「ちんぷんかん」 生々流転、変化の兆し
「しゃばけ」シリーズもあれよあれよという間に、はや六巻目(「みぃつけた」除く)。久々の長編だった前作から、今回はいつもの(?)スタイルに戻った短編集となっています。
今日も今日とて元気に寝込んでいる若だんなと、彼を取り巻く妖怪たちが引き起こす騒動は相変わらずですが、しかし、そこに今回は一つの変化が生じることに――
本書に収録されているのは全五編――火事で煙に巻かれた若だんなと鳴家たちが、こともあろうに冥府に行く羽目になる「鬼と小鬼」、広徳寺の法力和尚・寛朝の弟子・秋英が師の代わりに受けた相談ごとが思わぬ騒動を引き起こす表題作「ちんぷんかん」、若だんなの母おたえが娘時代に巻き込まれた事件と父・藤兵衛との馴れ初めを描く「男ぶり」、
松之助の縁談話をきっかけに、謎の陰陽師と妖怪たちの思わぬの攻防戦が展開される「今昔」、そして長崎屋の庭に植えられた桜の花の精・小紅と若だんなの出会いと別れの物語「はるがいくよ」と、今回も実にバラエティに富んだ内容となっています。
そんな中で、本書の背骨ともいえるエピソードとなっているのが、若だんなの腹違いの兄・松之助の縁談にまつわるエピソード。使用人とはいえ、若だんなにとってはたった一人の兄弟であり、両親や兄やたちとはまた違った親しみを感じさせる兄が、嫁を迎えて独立するというのは、変わらぬ日常を迎えてきた若だんなにとっては大事件であります。
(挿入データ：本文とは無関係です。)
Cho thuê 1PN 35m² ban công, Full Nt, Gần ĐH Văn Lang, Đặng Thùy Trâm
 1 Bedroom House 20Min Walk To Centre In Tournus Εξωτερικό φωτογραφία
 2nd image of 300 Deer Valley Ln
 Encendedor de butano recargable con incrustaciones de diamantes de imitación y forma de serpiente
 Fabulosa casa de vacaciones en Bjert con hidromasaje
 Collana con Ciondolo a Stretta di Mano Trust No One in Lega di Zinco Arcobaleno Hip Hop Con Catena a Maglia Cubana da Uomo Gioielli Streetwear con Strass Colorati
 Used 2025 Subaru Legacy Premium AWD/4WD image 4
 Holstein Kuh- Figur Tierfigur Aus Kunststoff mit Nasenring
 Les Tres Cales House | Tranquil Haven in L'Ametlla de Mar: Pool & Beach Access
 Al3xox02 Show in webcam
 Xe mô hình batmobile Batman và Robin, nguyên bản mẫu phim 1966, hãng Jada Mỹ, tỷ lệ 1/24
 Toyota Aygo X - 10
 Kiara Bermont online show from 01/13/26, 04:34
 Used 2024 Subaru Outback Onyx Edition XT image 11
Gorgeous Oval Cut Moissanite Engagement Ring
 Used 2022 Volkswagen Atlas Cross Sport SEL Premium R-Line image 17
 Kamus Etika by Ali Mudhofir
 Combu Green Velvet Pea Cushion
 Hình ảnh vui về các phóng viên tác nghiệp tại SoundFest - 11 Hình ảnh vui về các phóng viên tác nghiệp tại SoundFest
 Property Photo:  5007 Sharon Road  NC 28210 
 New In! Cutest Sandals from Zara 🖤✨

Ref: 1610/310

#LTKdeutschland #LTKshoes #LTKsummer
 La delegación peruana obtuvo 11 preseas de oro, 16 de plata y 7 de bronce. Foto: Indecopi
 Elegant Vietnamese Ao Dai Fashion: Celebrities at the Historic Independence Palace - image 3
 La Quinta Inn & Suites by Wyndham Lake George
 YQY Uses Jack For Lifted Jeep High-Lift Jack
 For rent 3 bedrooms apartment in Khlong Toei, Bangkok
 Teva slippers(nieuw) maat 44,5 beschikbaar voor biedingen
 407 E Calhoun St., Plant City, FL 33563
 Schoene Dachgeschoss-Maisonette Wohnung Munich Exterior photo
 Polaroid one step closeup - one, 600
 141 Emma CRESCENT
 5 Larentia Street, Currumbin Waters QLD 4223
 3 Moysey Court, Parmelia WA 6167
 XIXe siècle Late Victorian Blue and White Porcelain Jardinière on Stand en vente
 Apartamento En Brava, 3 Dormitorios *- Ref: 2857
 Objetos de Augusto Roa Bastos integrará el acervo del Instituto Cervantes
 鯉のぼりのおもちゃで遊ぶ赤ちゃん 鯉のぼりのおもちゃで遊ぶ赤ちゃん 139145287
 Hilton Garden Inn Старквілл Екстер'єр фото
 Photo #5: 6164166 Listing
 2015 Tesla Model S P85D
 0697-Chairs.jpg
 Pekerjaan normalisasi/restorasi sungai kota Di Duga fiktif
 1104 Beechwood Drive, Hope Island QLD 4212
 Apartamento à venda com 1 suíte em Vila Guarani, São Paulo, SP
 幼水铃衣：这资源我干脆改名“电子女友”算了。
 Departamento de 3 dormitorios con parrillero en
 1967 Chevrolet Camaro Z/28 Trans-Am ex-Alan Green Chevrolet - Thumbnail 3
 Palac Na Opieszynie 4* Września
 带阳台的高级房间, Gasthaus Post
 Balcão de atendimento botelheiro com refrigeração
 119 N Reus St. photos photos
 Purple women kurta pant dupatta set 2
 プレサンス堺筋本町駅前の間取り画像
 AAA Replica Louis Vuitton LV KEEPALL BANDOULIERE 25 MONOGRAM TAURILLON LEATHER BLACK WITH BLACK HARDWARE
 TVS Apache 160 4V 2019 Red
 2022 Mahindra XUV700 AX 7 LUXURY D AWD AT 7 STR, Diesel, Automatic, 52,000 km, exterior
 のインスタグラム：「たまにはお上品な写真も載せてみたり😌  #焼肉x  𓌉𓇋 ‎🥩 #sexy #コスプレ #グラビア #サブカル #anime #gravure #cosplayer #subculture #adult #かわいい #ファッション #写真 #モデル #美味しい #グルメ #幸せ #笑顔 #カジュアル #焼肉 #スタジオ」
そうしてみた場合、本作に収録された五編に共通するのは、生々流転、様々な変化であることに気づきます。「生々」どころかいきなり冥府に行ってしまう「鬼と小鬼」(ちなみにこのタイトル、読み終わってから考えると少々ゾッとするものがありますね)から始まって、新しい一歩を踏み出す秋英・かつて踏み出したおたえの物語、そして上記の縁談を経て、最後に待つのはこのテーマの総括とも言うべき、様々な命の有りようと去りようの物語――
正直なところ、シリーズの中では平均点よりちょっと下がるかなという気もしましたが(特にプチ「妖怪大戦争」の趣がある「今昔」は、物語の構成要素が多すぎてとっちらかってしまった感があります)、しかしこのように一冊を通してみれば、印象は決して悪くありません。
四月という時期には、新しい一歩を踏み出す方も多いかと思います。私もその一人ですが、そんな時期に読むにはまことにふさわしい作品であったと感じた次第です。